Please repeat, exactly as they stand, the line containing "a shower with" and the lines after it through the final line of the listing below, minus pictures.
━━━━━ Information provided
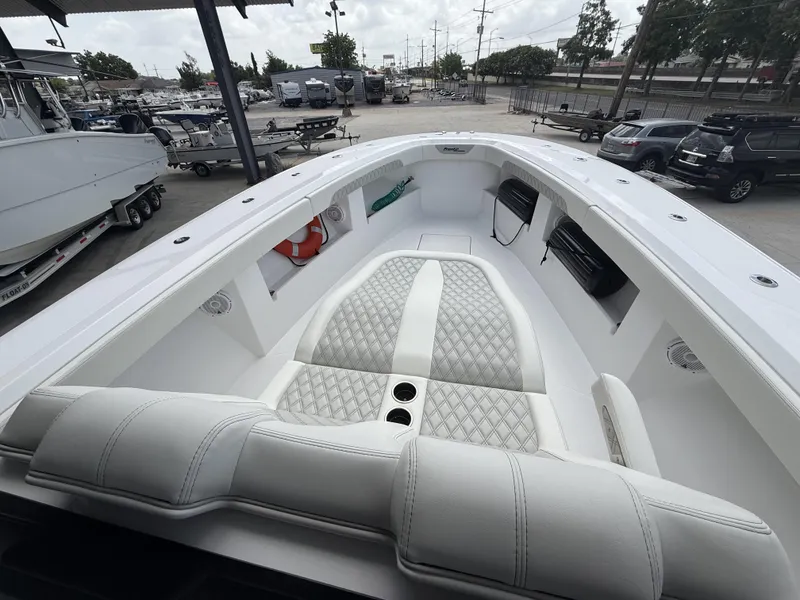 Slide: The Image of 2024 Front Runner 39 CC boat interior with luxurious white seating and cup holders. - 15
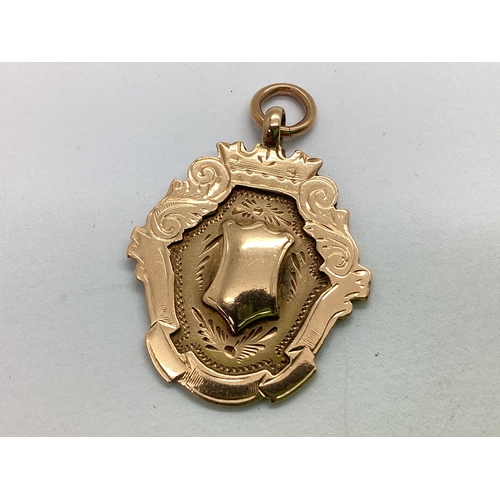 292 - A 9ct Gold Medallion Fob, in the form of a shield, with scrollwork decoration surround and vacant ce... 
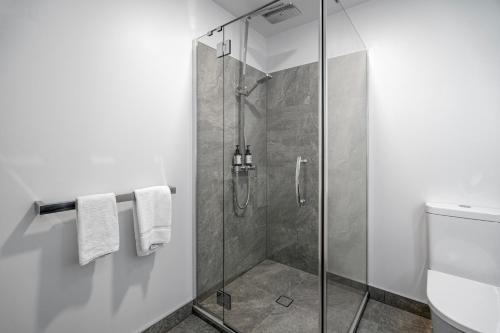 a shower with a glass door in a bathroom at Tasman Holiday Parks - Papamoa Beach in Papamoa
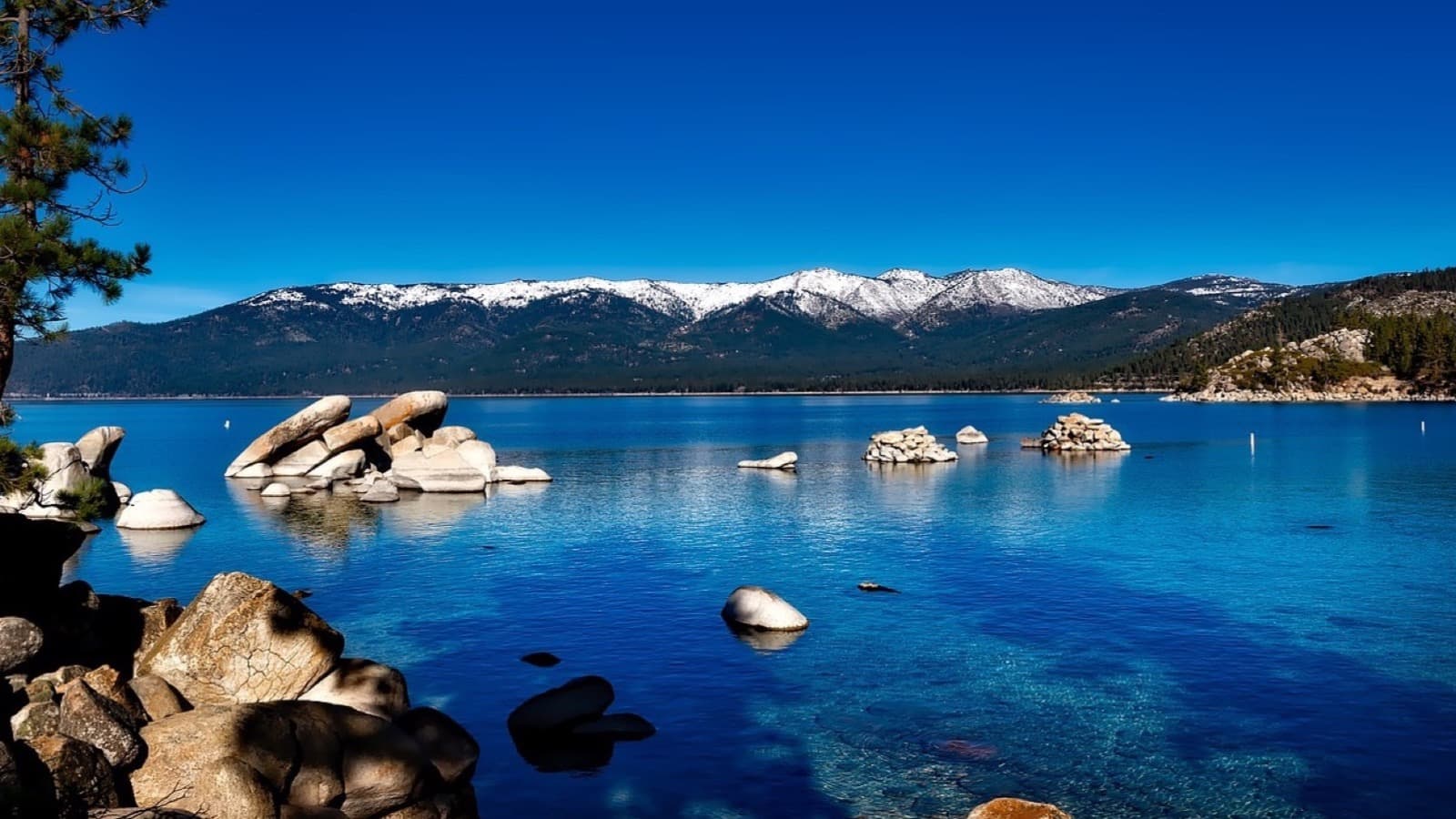 Lake Tahoe Nevada shoreline with crystal-clear alpine water and Sierra Nevada mountains — moving to Lake Tahoe Nevada relocation guide 2026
━━━━━━━━━━
Worked solution:
 a shower with a glass door in a bathroom at Tasman Holiday Parks - Papamoa Beach in Papamoa
 Lake Tahoe Nevada shoreline with crystal-clear alpine water and Sierra Nevada mountains — moving to Lake Tahoe Nevada relocation guide 2026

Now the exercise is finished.